# Prompt
Before printing, remove every picture; then print the lines below exactly, from the first line through the line containing "Modern Pool Home".

# Provided information
▬▬▬▬▬▬

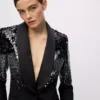 KL Studio payetli blazer KL Studio payetli blazer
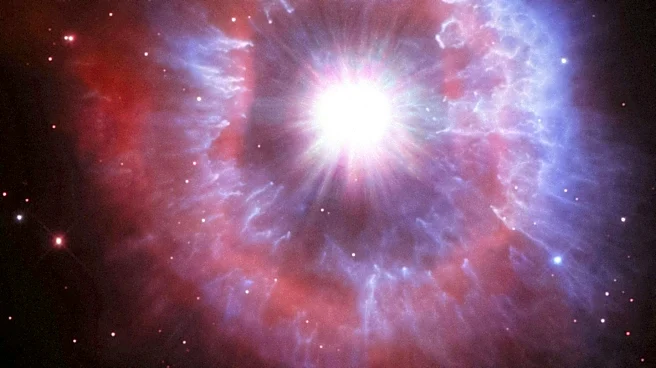 NASA Unveils Cosmic Images in Red, White, and Blue for America's 250th Anniversary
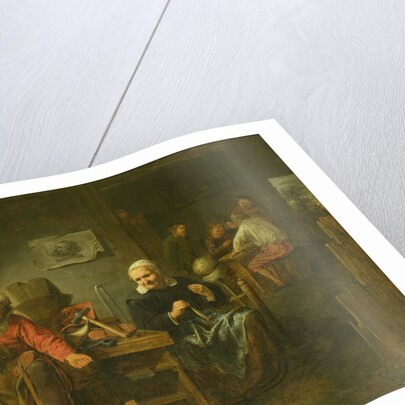 A Shoemaker's Workshop by David Rijckaert III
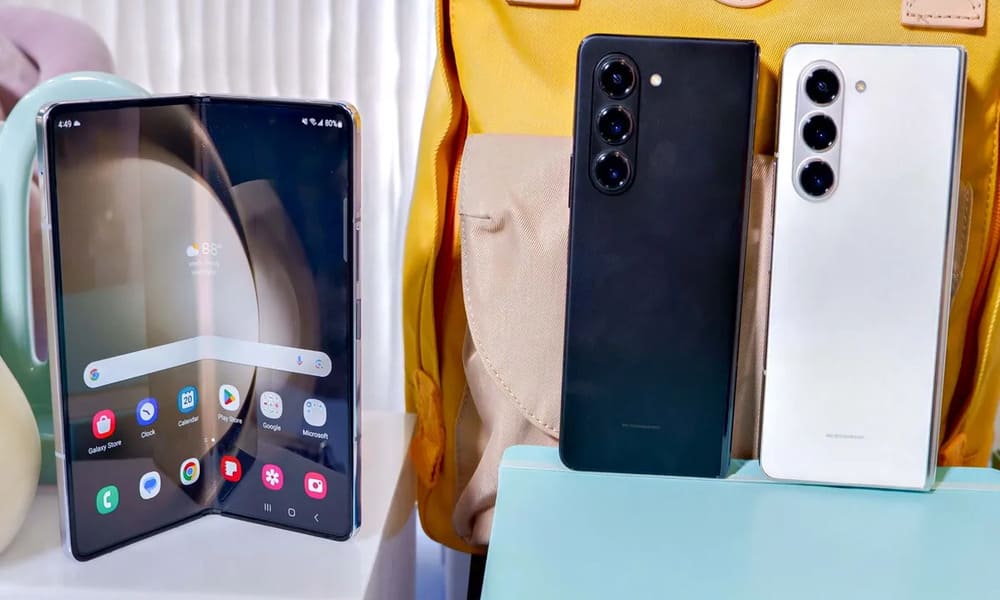 Samsung Galaxy Z Fold5 chính hãng, giá rẻ
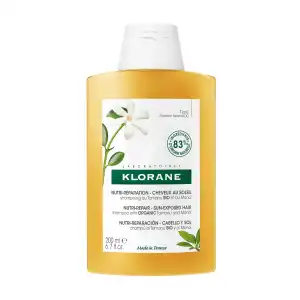 Klorane Shampoing Nutritif Après-soleil - Cheveux Exposés Au Soleil Au Monoï & Tamanu Bio Flacon/200ml à Saint-Cyprien
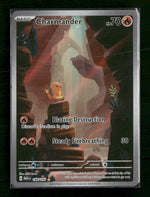 SV: Scarlet & Violet 151 Charmander #168/165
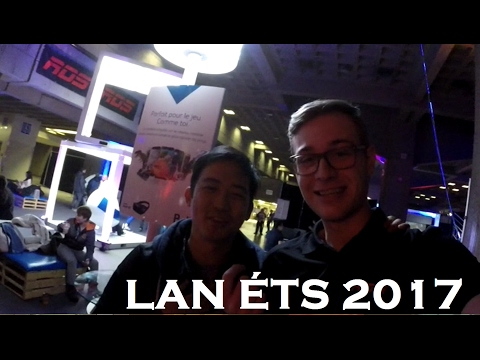 #2 : Lan ETS ft. Jimmy Wong, missharvey, RDS - Vlogs du Gentleman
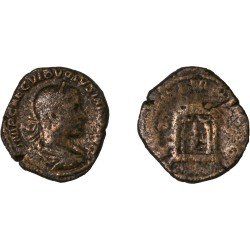 Moneda Imperio Romano  Sestercio Volusiano 252 d.C.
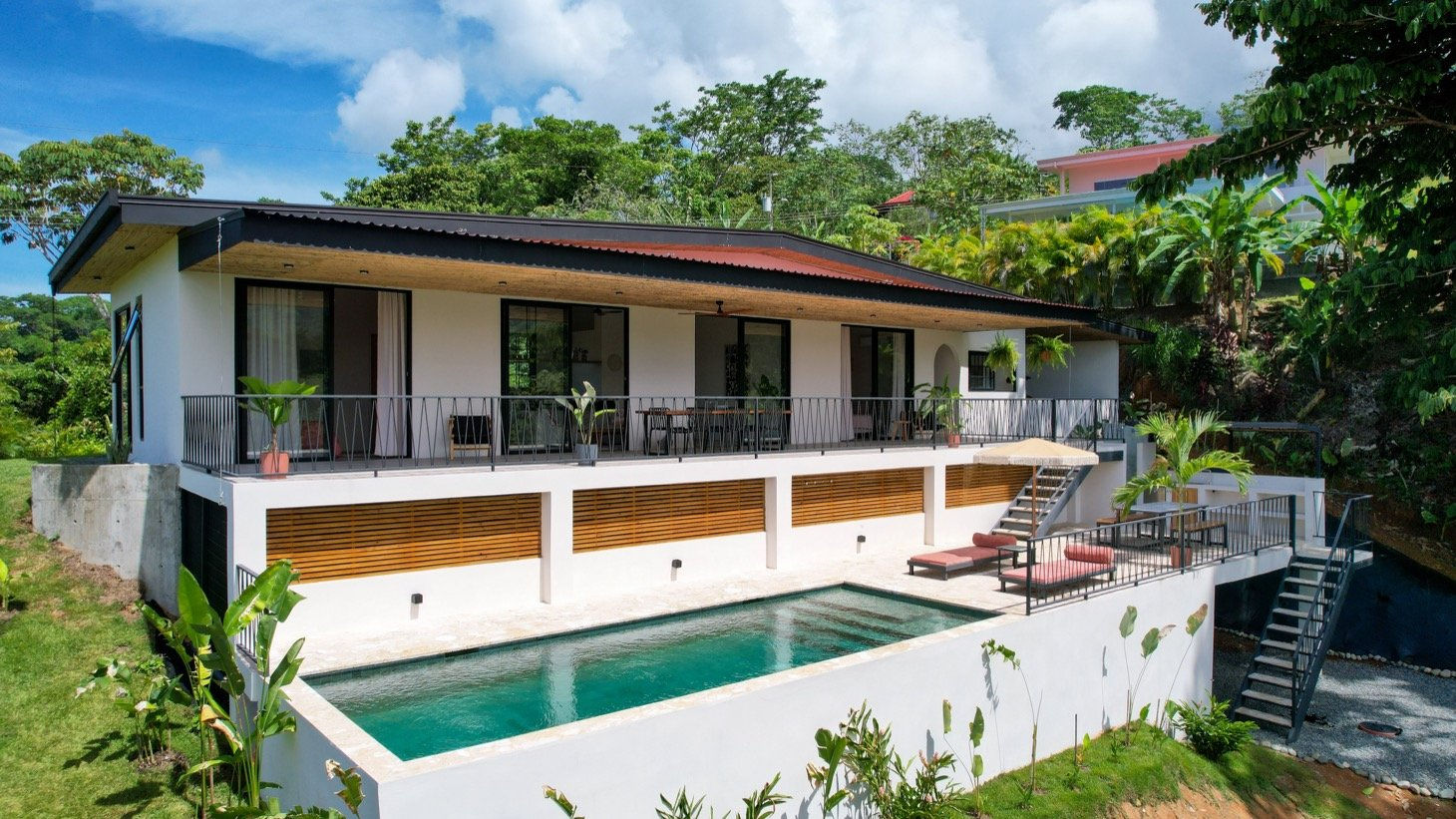 Modern Pool Home in Gated Ojochal | 4 Bed / 2 Bath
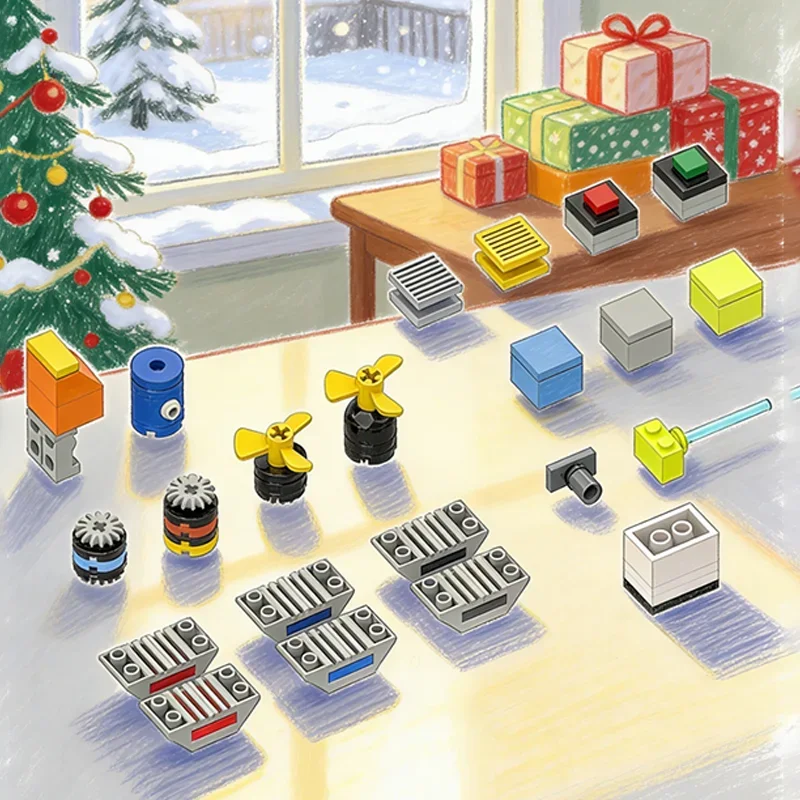 107pcs MOC Junkbot Games Model Building Blocks Toy Construction Assemble DIY Christmas Gift Creative Brick Education Idea
107pcs MOC Junkbot Games Model Building Blocks Toy Construction Assemble DIY Christmas Gift Creative Brick Education Idea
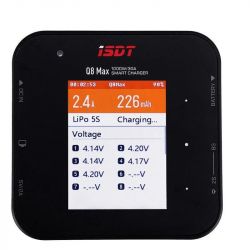 ISDT Q8 Max BattGo 1000W 30A Зарядное-Разрядное устройство для 1-8S LiPo аккумуляторов FPV дронов
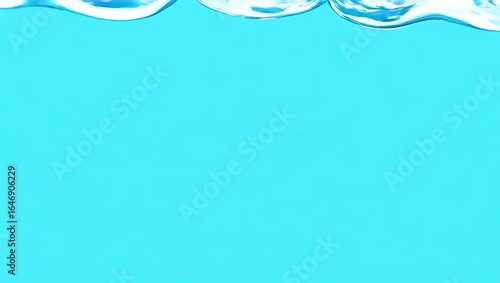 Light Blue Water Background with copy space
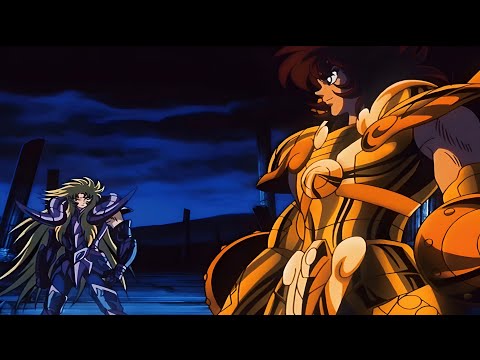 Saint Seiya Hades: Dohko vs Shion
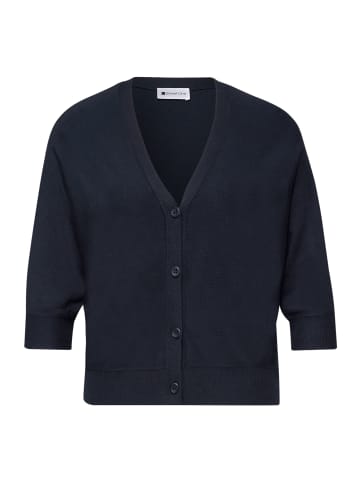 Street One V-Ausschnitt Cardigan in Shadowed Navy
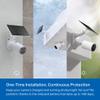Tapo SolarCam C402 KIT 1080p Outdoor Wireless Security Camera view 3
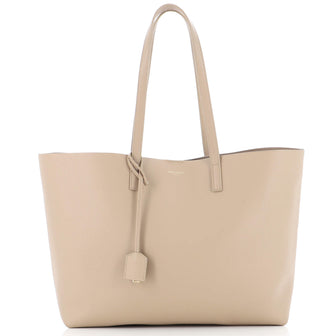 Saint Laurent Shopper Tote Leather Large
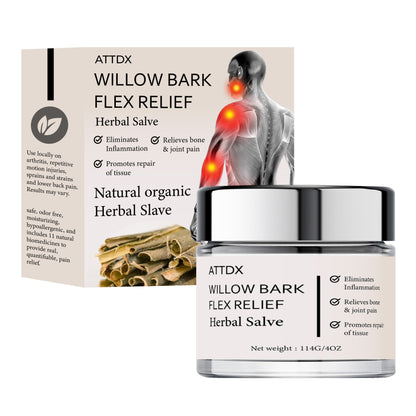 Willow Bark FlexRelief Herbal Salve Y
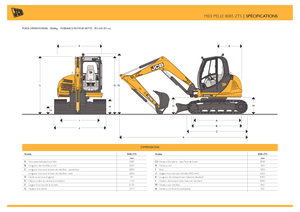 Bageri gusjeničari JCB 8085 ZTS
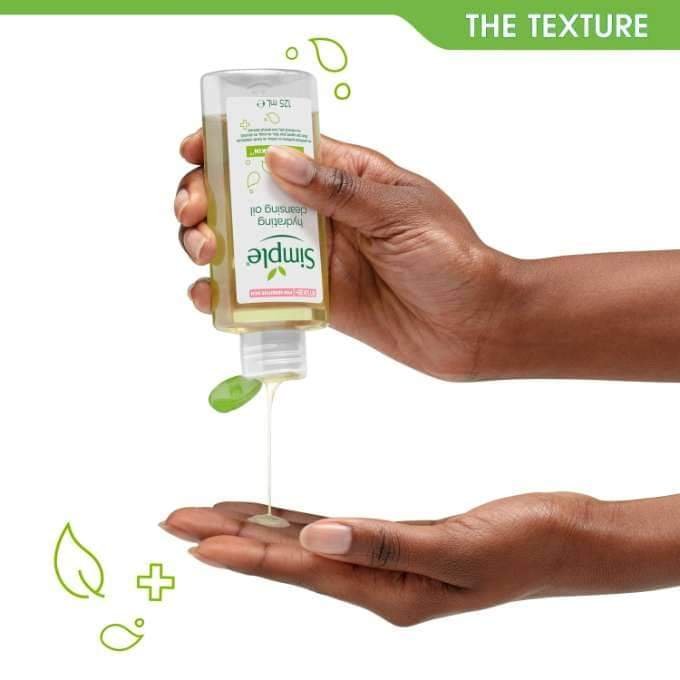 Simple Hydrating Cleansing Oil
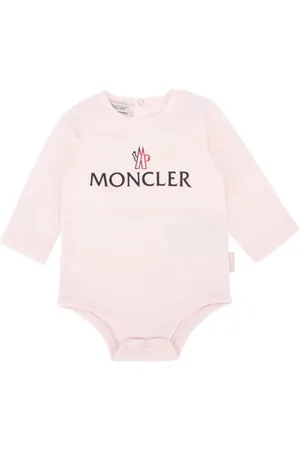 Moncler Logo-print bodysuit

▬▬▬▬▬▬

# Result of the exercise
 KL Studio payetli blazer KL Studio payetli blazer
 NASA Unveils Cosmic Images in Red, White, and Blue for America's 250th Anniversary
 A Shoemaker's Workshop by David Rijckaert III
 Samsung Galaxy Z Fold5 chính hãng, giá rẻ
 Klorane Shampoing Nutritif Après-soleil - Cheveux Exposés Au Soleil Au Monoï & Tamanu Bio Flacon/200ml à Saint-Cyprien
 SV: Scarlet & Violet 151 Charmander #168/165
 #2 : Lan ETS ft. Jimmy Wong, missharvey, RDS - Vlogs du Gentleman
 Moneda Imperio Romano  Sestercio Volusiano 252 d.C.
 Modern Pool Home in Gated Ojochal | 4 Bed / 2 Bath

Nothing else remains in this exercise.